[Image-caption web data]
▶

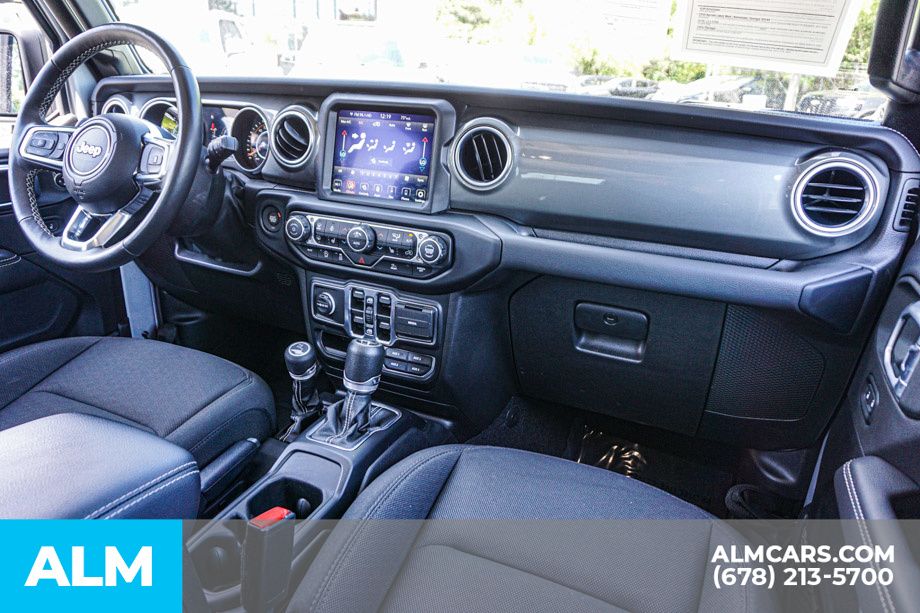 Used 2023 Silver Jeep Sahara image 25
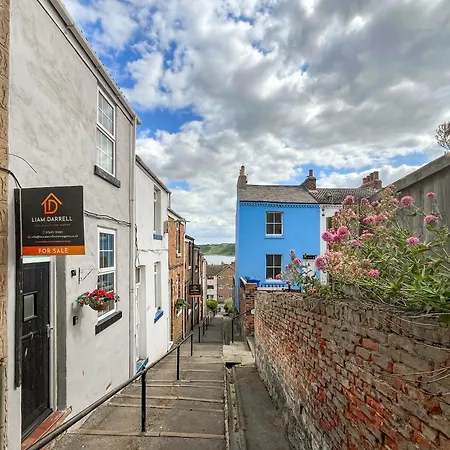 Hyde Away - Uk50212 * Scarborough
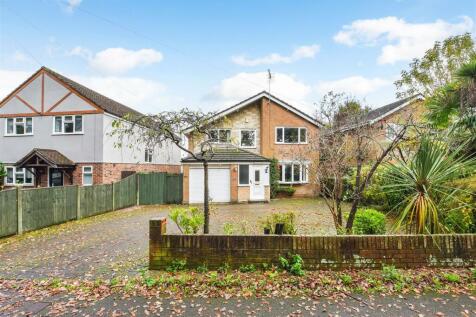 Latchmore Forest Grove, Cowplain 4 bed detached house for sale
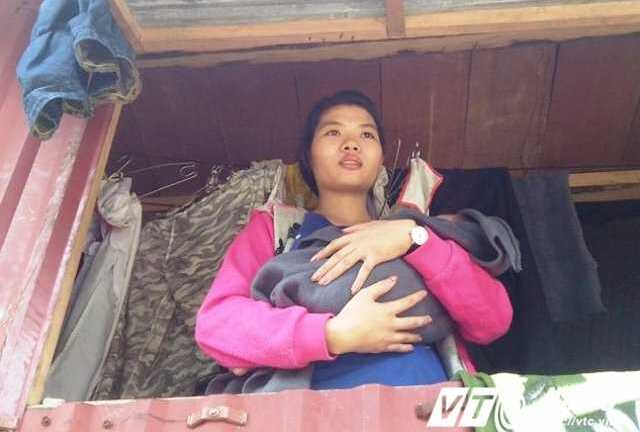 Dân nơi 'rốn lũ' Quảng Bình vẫn nước mắt chan mì tôm chờ nước rút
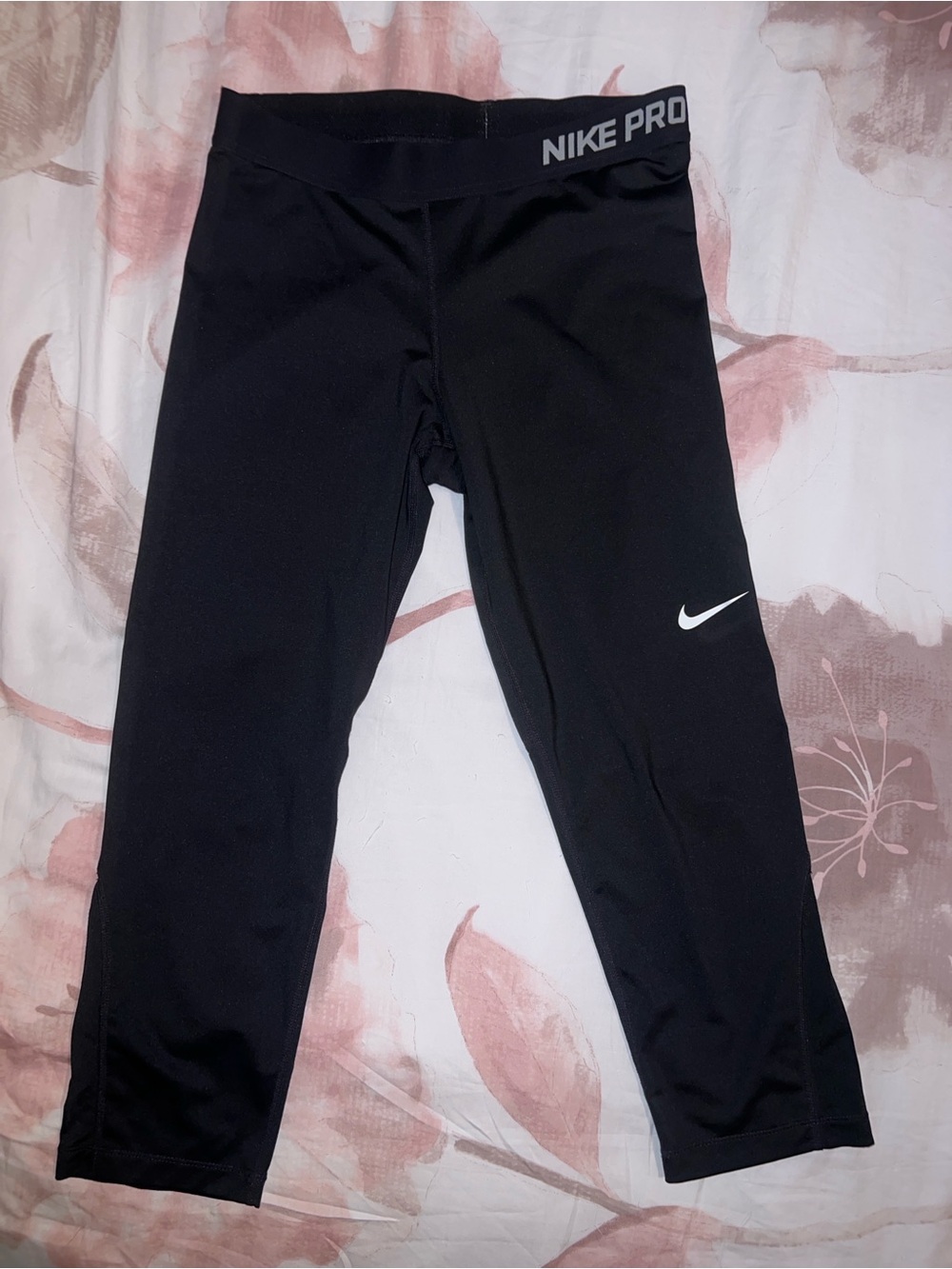 Nike Pro Moisture-wicking Workout  Performance  capris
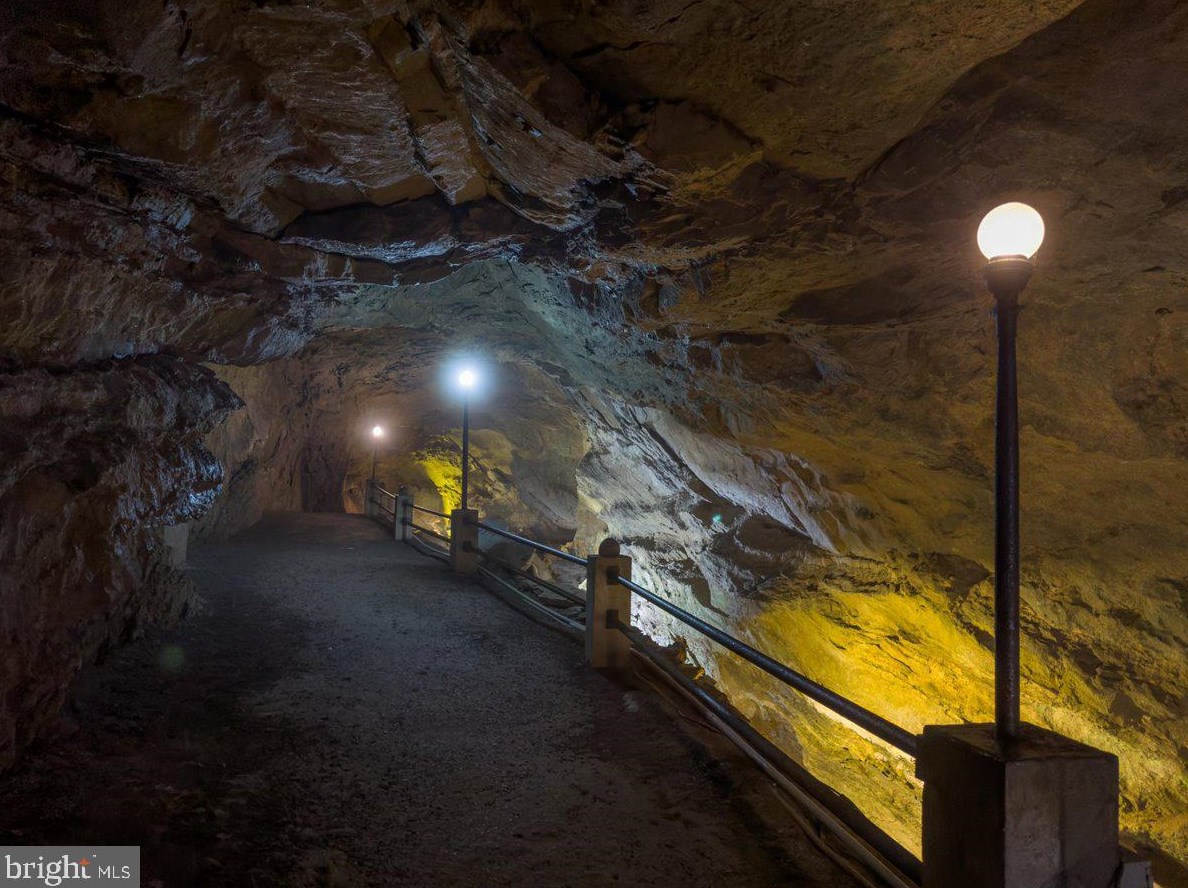 101 Virginia Ave, Arthur WV 26847-1715 exterior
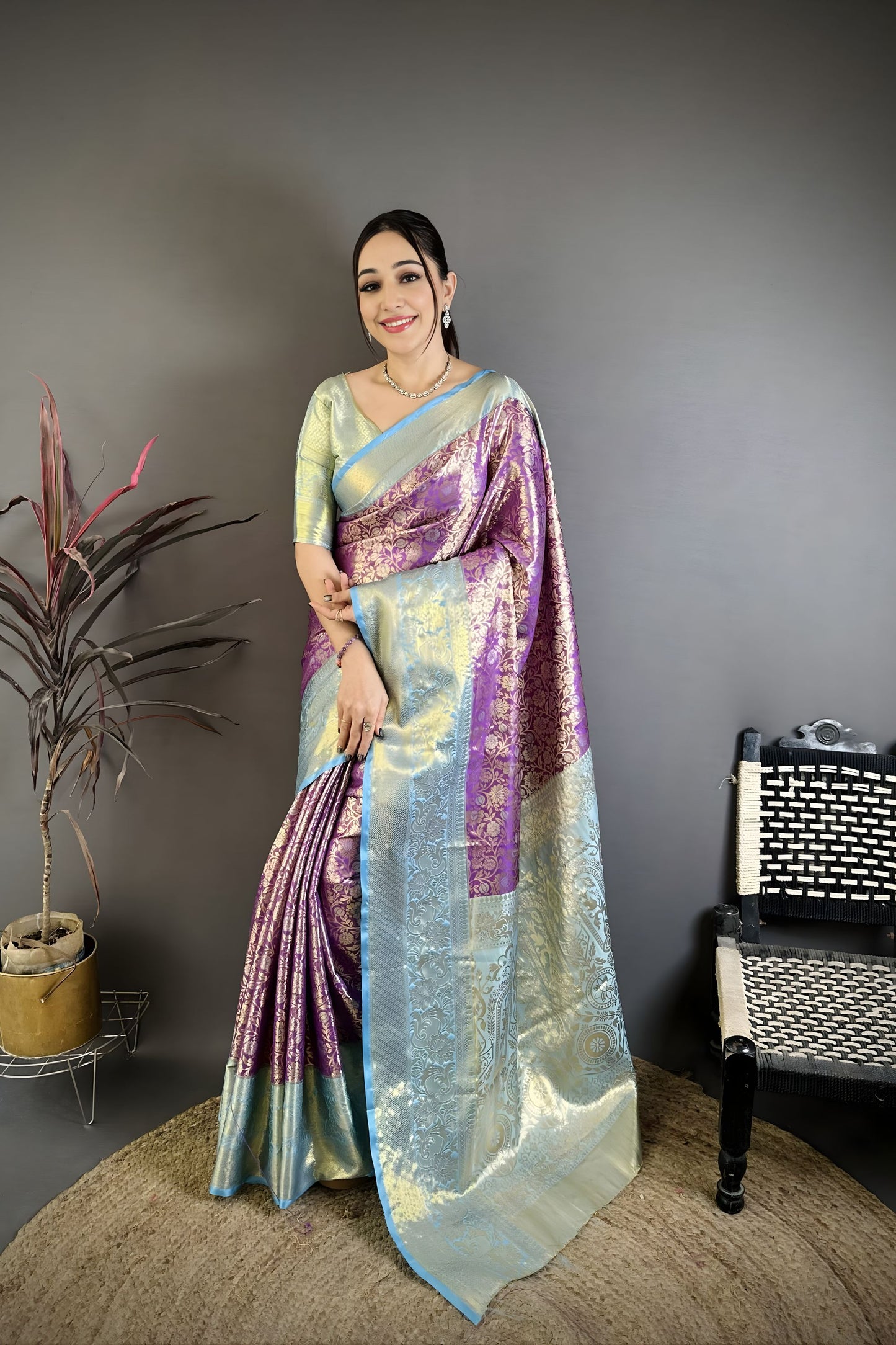 Luxury Purple Kanjivaram Woven  Saree Zari Border for Wedding
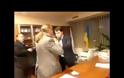 Ουκρανία: Ακροδεξιοί βουλευτές έδειραν τον διευθυντή της oυκρανικής κρατικής τηλεόρασης [Video]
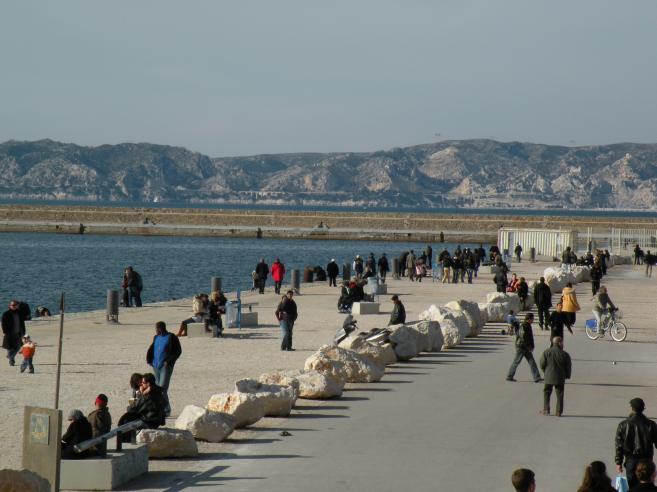 badauds, digue du Fort Saint-Jean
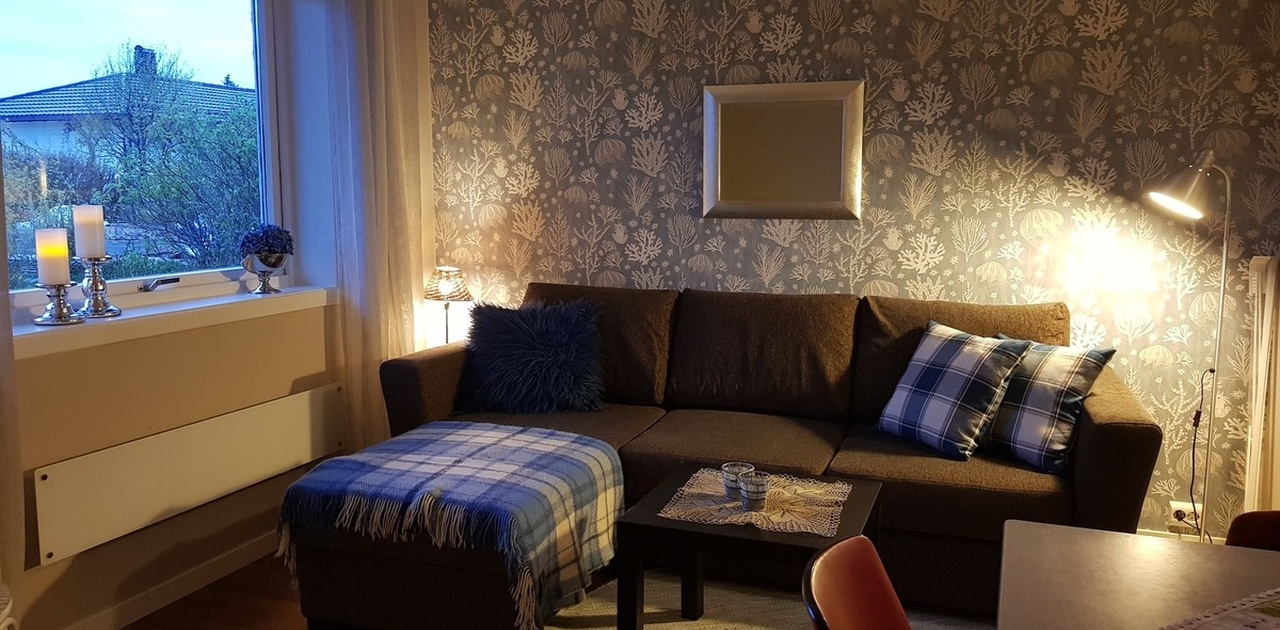 Stue fra kjøkken, annen sofa i dag. -uten sjeselong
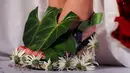 Detail sepatu unik yang dihiasi dedaunan dan bunga daun yang diperagakan saat pergelaran Biofashion di Cali, Kolombia (19/11). Peragaan busana ini menampilkan desain yang unik dan juga desain yang ramah lingkungan. (Reuters/Jaime Saldarriaga)
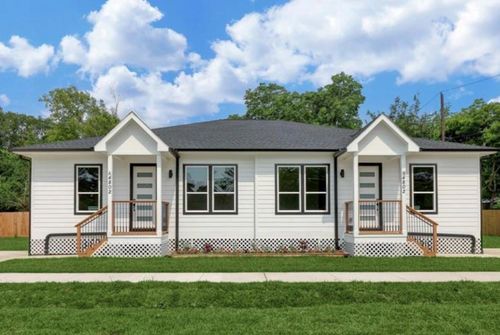 a-4802 Angleton St, Houston, TX, 77033-3820 | Card Image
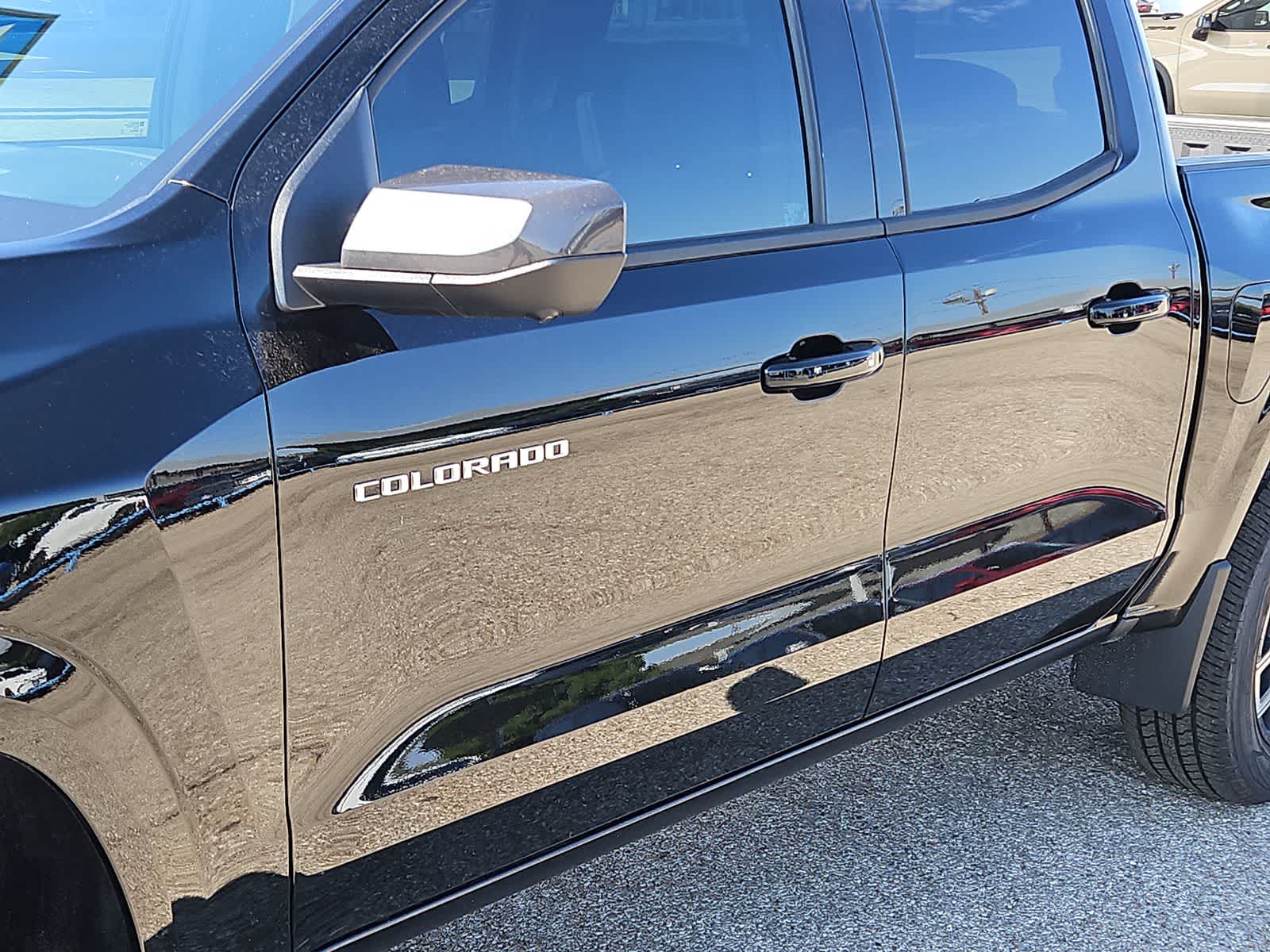 Thumbnail: 2024 Chevrolet Colorado - 15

◀

• **What you will do**: In the records above, find the line that contains "badauds, digue du Fort Saint-Jean". Retype it and every line after it, exactly, leaving out all pictures.

• **Answer to this problem**:
 badauds, digue du Fort Saint-Jean
 Stue fra kjøkken, annen sofa i dag. -uten sjeselong
 Detail sepatu unik yang dihiasi dedaunan dan bunga daun yang diperagakan saat pergelaran Biofashion di Cali, Kolombia (19/11). Peragaan busana ini menampilkan desain yang unik dan juga desain yang ramah lingkungan. (Reuters/Jaime Saldarriaga)
 a-4802 Angleton St, Houston, TX, 77033-3820 | Card Image
 Thumbnail: 2024 Chevrolet Colorado - 15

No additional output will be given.